For a study, it was determined that Tunneled pleural catheter (TPC) management may be deferred from patients with malignant or part malignant pleural effusions (MPEs or PMPEs) due to infection concerns linked with immunosuppression associated with antineoplastic medication. Determine the incidence of infections linked to TPC usage, as well as the association between antineoplastic therapy, immune system competency, and overall survival (OS). From 2008 to 2016, researchers conducted a multinational, multi-institutional study of patients with MPEs or PMPEs who were treated with TPC. Patients were divided into groups based on whether or not they had received antineoplastic therapy and/or if they were immunocompromised.

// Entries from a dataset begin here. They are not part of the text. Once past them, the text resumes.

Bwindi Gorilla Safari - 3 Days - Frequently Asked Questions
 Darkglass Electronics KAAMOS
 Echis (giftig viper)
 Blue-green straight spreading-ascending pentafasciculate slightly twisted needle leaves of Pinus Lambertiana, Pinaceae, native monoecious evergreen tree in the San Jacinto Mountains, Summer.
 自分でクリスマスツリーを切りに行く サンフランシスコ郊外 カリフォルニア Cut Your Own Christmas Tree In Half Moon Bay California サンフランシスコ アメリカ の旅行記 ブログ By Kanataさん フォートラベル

Researchers used cumulative incidence functions and multivariable competing risk regression models to find independent predictors of TPC-related infection. Researchers used the Kaplan-Meier technique and multivariable Cox proportional hazards modeling to look for independent influences on OS.

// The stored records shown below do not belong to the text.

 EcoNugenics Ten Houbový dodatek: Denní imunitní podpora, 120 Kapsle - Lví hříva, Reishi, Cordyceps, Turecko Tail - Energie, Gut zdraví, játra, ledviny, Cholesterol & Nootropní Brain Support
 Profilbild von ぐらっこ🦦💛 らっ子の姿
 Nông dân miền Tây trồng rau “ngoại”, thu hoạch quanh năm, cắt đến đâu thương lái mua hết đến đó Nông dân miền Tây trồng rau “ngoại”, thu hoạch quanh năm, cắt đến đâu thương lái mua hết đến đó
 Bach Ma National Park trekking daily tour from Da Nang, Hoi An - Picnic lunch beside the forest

TPCs were implanted in 1,318 patients for a total of 1,408 TPCs. Patients with antineoplastic therapy and an immunocompromised state reported a significant overlap rate (75–83%). There was no difference in TPC-related infection rates between subsets of patients stratified by antineoplastic therapy or immunological state in the overall (6–7%), deep pleural (3–5%), or superficial (3–4%) infection rates.

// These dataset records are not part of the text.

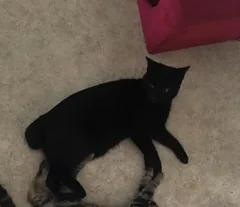 Chat perdu Européen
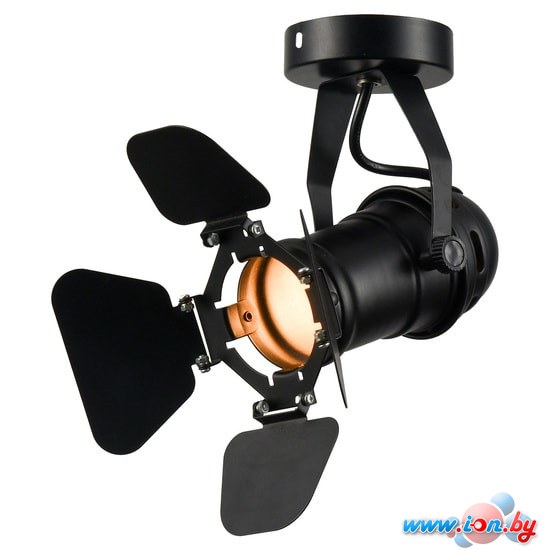 Спот Lussole Loft Expression LSP-9838 в Могилёве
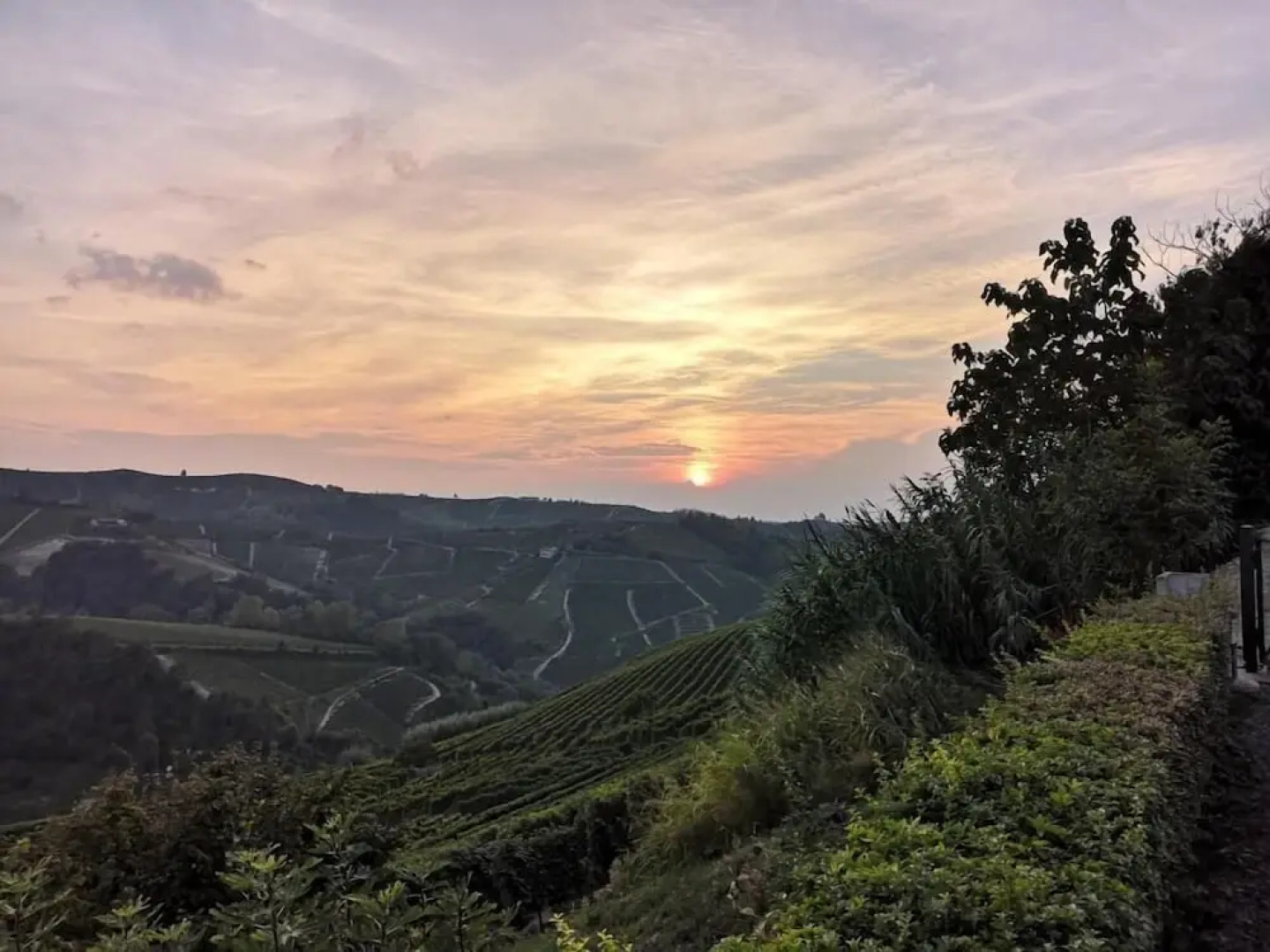 Agriturismo il Ciliegio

After TPC implantation, the median time to infection was 41 days (interquartile range, 19–87). Longer TPC duration was linked to a higher risk of TPC-related infection (subdistribution hazard ratio, 1.03; 95% CI, 1.00–1.06; P=0.028), according to multivariable competing risk analysis. Antineoplastic therapy was linked to an improved overall survival rate (hazard ratio, 0.84; 95% confidence interval, 0.73–0.97; P=0.015) in a Cox proportional hazards analysis. Antineoplastic therapy or being immunocompromised do not appear to raise the likelihood of TPC-related infection. Overall infection rates are low, comparable to those seen in immunocompetent patients who have not had anticancer medication. These findings support TPC palliation for MPE or PMPs, regardless of antineoplastic therapy regimens.